* [DATA RECORDS]:
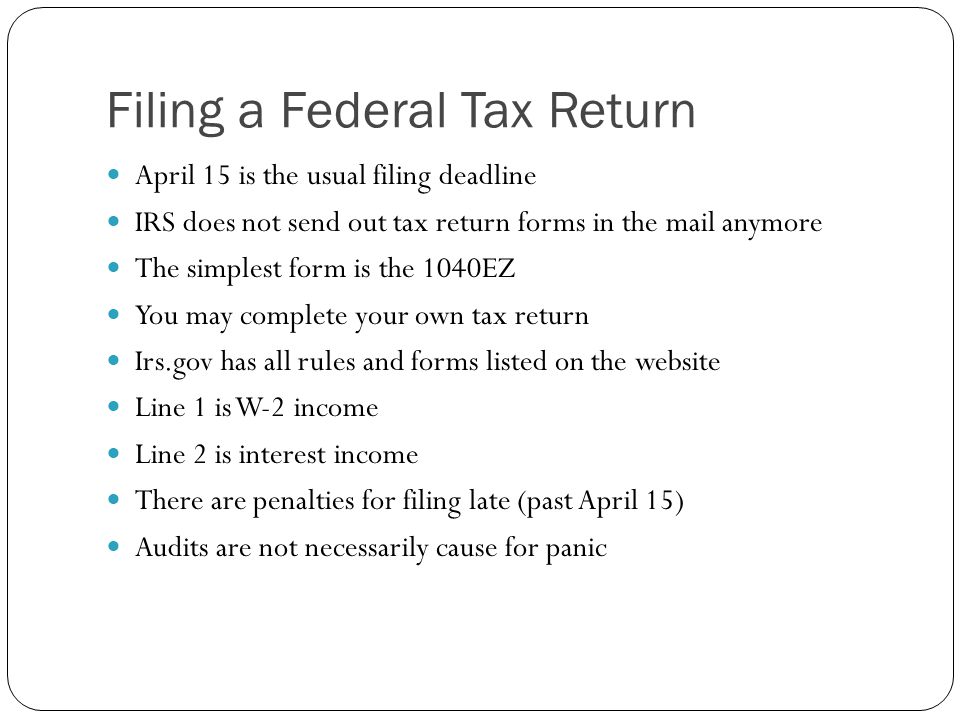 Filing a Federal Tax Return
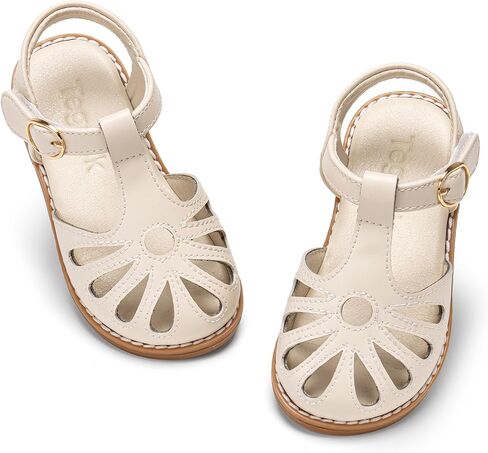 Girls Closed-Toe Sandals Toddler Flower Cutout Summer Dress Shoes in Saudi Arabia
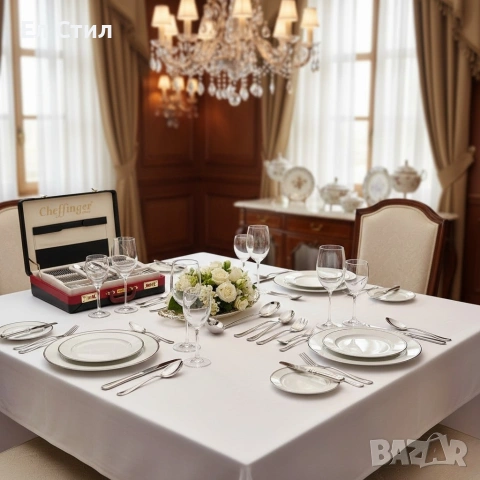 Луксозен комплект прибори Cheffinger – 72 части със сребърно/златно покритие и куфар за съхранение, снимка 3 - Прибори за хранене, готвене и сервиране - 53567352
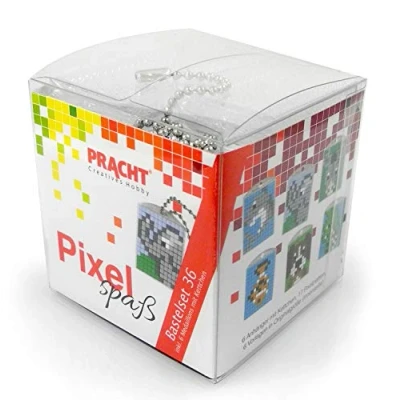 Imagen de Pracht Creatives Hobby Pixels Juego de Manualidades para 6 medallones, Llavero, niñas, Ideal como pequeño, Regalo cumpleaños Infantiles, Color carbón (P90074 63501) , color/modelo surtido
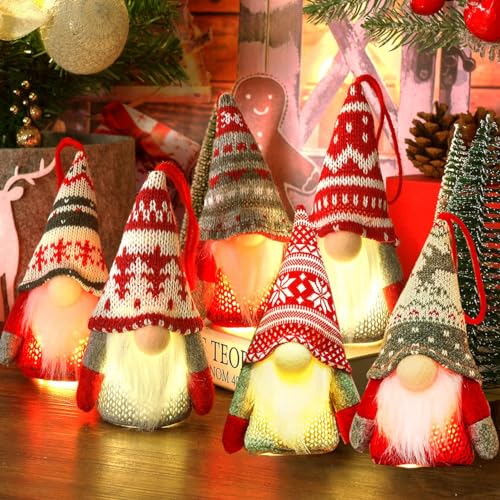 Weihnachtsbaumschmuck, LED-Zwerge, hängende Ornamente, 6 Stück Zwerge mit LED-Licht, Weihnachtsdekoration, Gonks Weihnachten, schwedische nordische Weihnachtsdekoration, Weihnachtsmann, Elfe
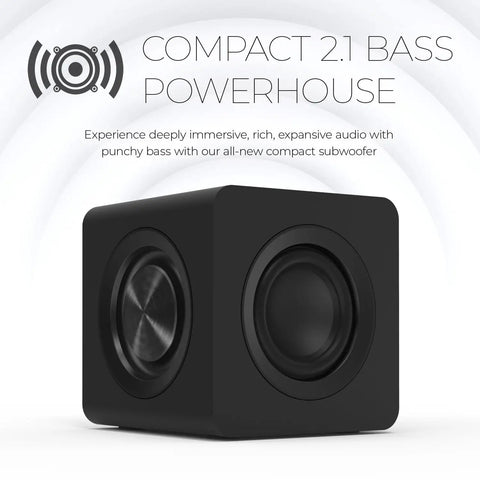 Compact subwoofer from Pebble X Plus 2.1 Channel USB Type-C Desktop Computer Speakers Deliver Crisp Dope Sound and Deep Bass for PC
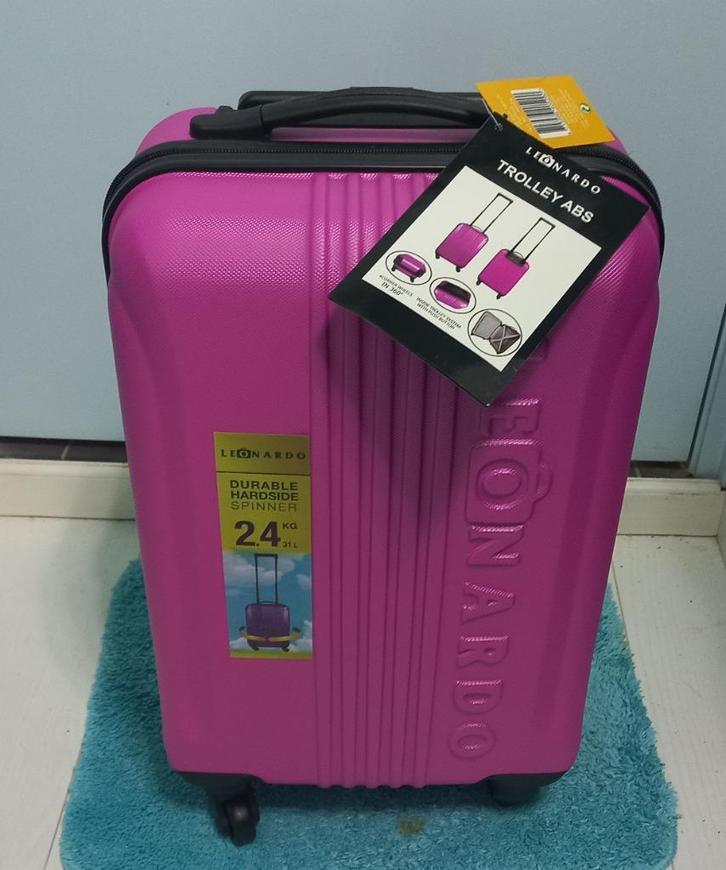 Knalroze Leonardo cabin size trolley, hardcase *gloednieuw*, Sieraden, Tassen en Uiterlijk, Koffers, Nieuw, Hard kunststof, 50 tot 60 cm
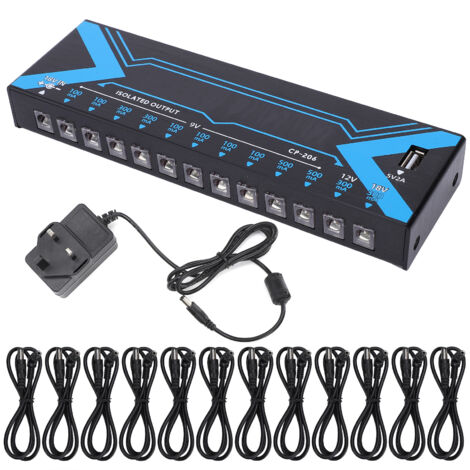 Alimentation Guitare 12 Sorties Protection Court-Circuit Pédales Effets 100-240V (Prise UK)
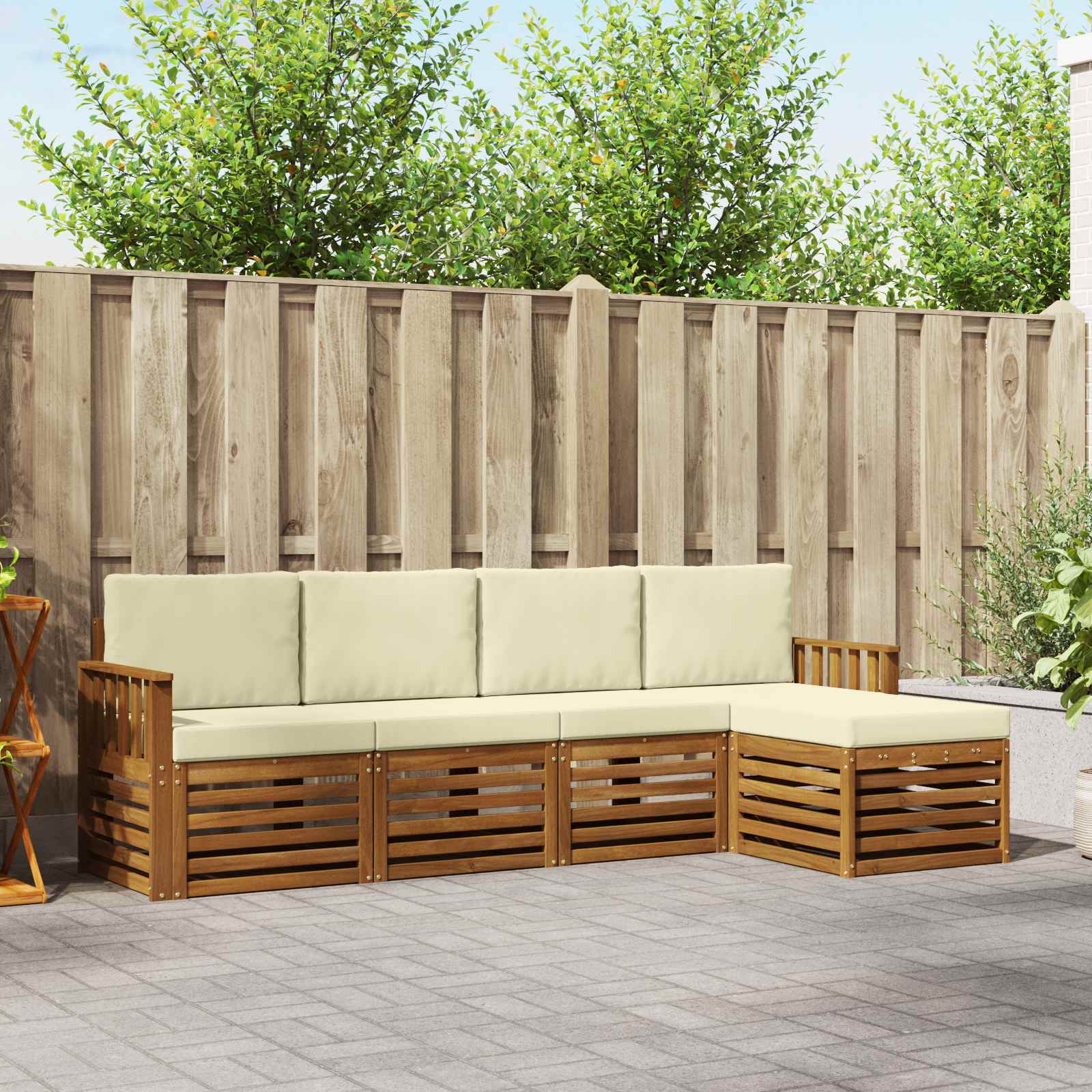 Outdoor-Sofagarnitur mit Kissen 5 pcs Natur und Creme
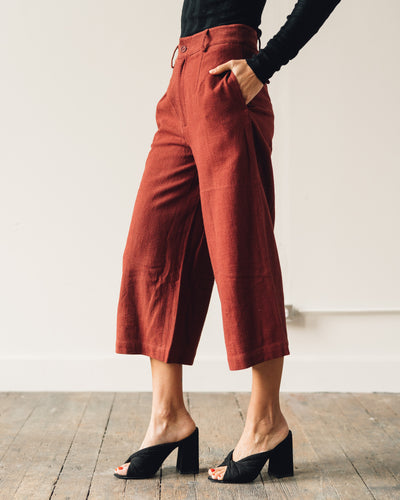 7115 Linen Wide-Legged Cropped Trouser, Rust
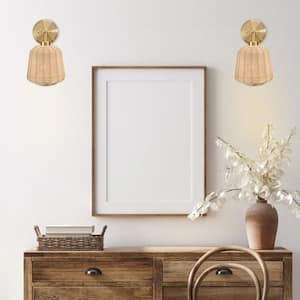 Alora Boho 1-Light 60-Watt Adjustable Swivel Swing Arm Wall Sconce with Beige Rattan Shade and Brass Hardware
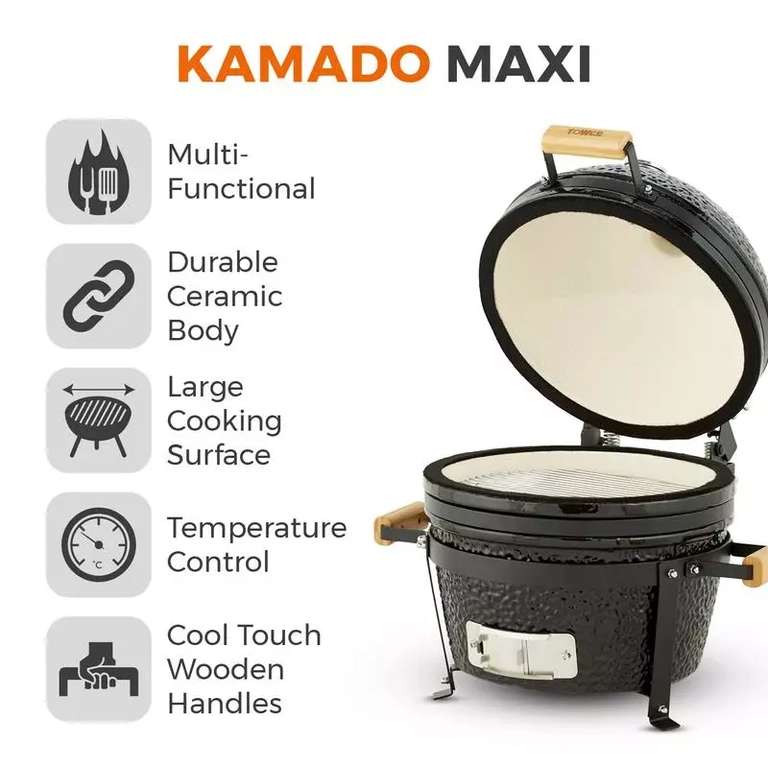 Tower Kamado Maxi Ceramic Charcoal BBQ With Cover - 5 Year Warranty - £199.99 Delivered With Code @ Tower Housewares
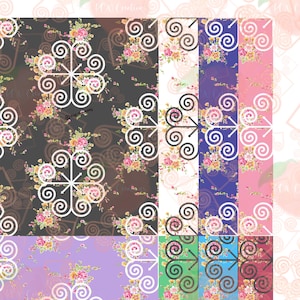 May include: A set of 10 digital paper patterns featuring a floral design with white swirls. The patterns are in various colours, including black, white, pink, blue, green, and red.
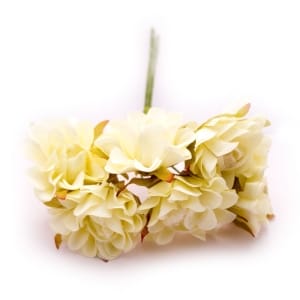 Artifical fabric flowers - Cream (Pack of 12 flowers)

* [WHAT YOU HAVE TO DO]: Print exactly the lines from the one containing "Alora Boho 1-Light" through the last line of the records, both included, and leave out the pictures.

* [RESULT FOR THIS EXERCISE]:
 Alora Boho 1-Light 60-Watt Adjustable Swivel Swing Arm Wall Sconce with Beige Rattan Shade and Brass Hardware
 Tower Kamado Maxi Ceramic Charcoal BBQ With Cover - 5 Year Warranty - £199.99 Delivered With Code @ Tower Housewares
 May include: A set of 10 digital paper patterns featuring a floral design with white swirls. The patterns are in various colours, including black, white, pink, blue, green, and red.
 Artifical fabric flowers - Cream (Pack of 12 flowers)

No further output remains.